[RFC,1/3] sched: Make migrate_task_to() take any task

Message ID 20230613052004.2836135-2-void@manifault.com
State New
Headers
Series sched: Implement shared wakequeue in CFS |

Commit Message

David Vernet June 13, 2023, 5:20 a.m. UTC
  The migrate_task_to() function exposed from kernel/sched/core.c migrates
the current task, which is silently assumed to also be its first
argument, to the specified CPU. The function uses stop_one_cpu() to
migrate the task to the target CPU, which won't work if @p is not the
current task as the stop_one_cpu() callback isn't invoked on remote
CPUs.

While this operation is useful for task_numa_migrate() in fair.c, it
would be useful if __migrate_task() in core.c was given external
linkage, as it actually can be used to migrate any task to a CPU.

This patch therefore:
1. Renames the existing migrate_task_to() be called
   numa_migrate_current_task_to().
2. Renames __migrate_task() to migrate_task_to(), gives it global
   linkage, and updates all callers accordingly.
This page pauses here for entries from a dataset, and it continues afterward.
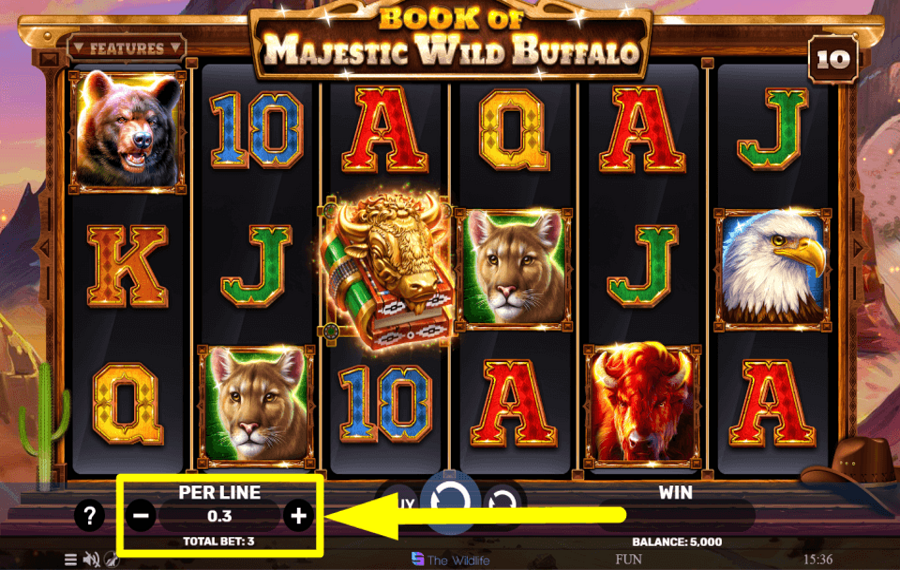 Book of Majestic Wild Buffalo DÉFINISSEZ VOTRE ENJEU.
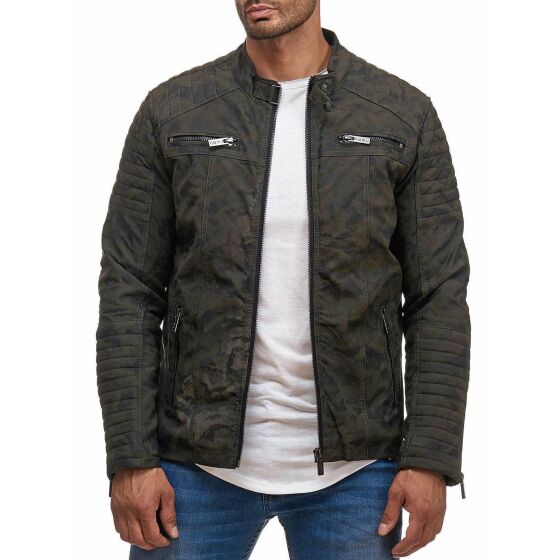 Red Bridge Mens artificial leather jacket, transition jacket, biker jacket, quilted camouflage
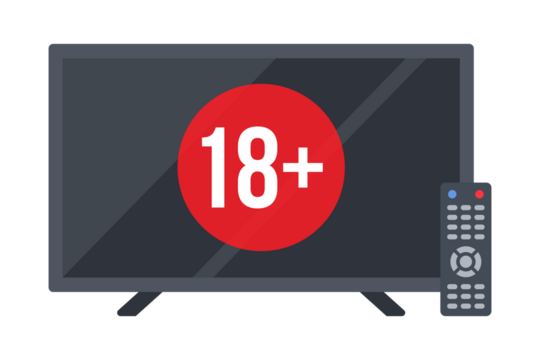 Television screen displaying 18 plus symbol with remote control entertainment content isolated on transparent background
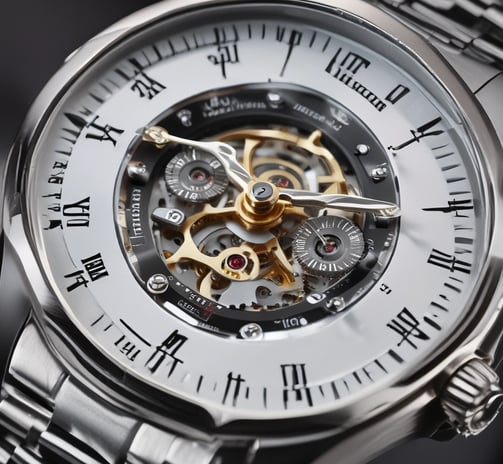 A luxury watch features intricate detailing with a prominent globe design on its face. The numerals and watch hands are elegantly integrated, surrounded by a metallic gold casing. There are engraved words and numbers on the case, and the visible strap is white.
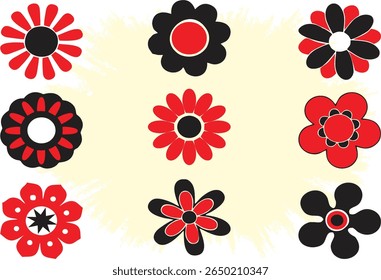 Retro hand drawn Flower Motifs stock illustration. Flower Clip art for fabric or fashion designing. Easy to change color or size and manipulate. EPS 10.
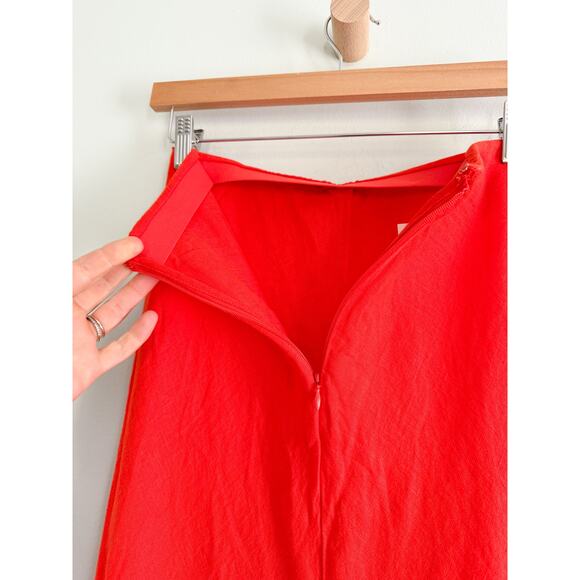 Madewell | NWT Linen Maxi Slip Skirt in Bright Flame Red | Sz 0 - Picture 7 of 11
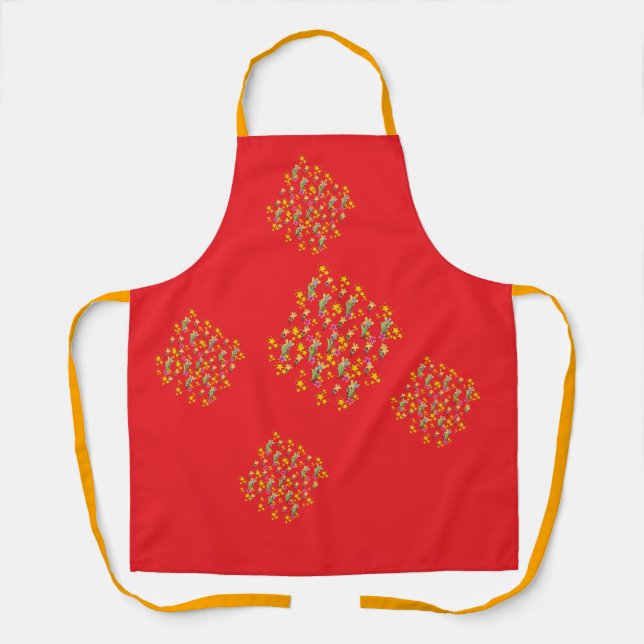 Stars And Flowers Yellow Straps Red  Apron (Front)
A follow-on patch will call the new migrate_task_to() from fair.c when
migrating a task in a shared wakequeue to a remote CPU.

Signed-off-by: David Vernet <void@manifault.com>
---
 kernel/sched/core.c  | 16 ++++++++--------
 kernel/sched/fair.c  |  2 +-
 kernel/sched/sched.h |  4 +++-
 3 files changed, 12 insertions(+), 10 deletions(-)
  

Comments

Peter Zijlstra June 21, 2023, 1:04 p.m. UTC | #1
On Tue, Jun 13, 2023 at 12:20:02AM -0500, David Vernet wrote:
> The migrate_task_to() function exposed from kernel/sched/core.c migrates
> the current task, which is silently assumed to also be its first
> argument, to the specified CPU. The function uses stop_one_cpu() to
> migrate the task to the target CPU, which won't work if @p is not the
> current task as the stop_one_cpu() callback isn't invoked on remote
> CPUs.
> 
> While this operation is useful for task_numa_migrate() in fair.c, it
> would be useful if __migrate_task() in core.c was given external
> linkage, as it actually can be used to migrate any task to a CPU.
> 
> This patch therefore:
> 1. Renames the existing migrate_task_to() be called
>    numa_migrate_current_task_to().
> 2. Renames __migrate_task() to migrate_task_to(), gives it global
>    linkage, and updates all callers accordingly.
> 
> A follow-on patch will call the new migrate_task_to() from fair.c when
> migrating a task in a shared wakequeue to a remote CPU.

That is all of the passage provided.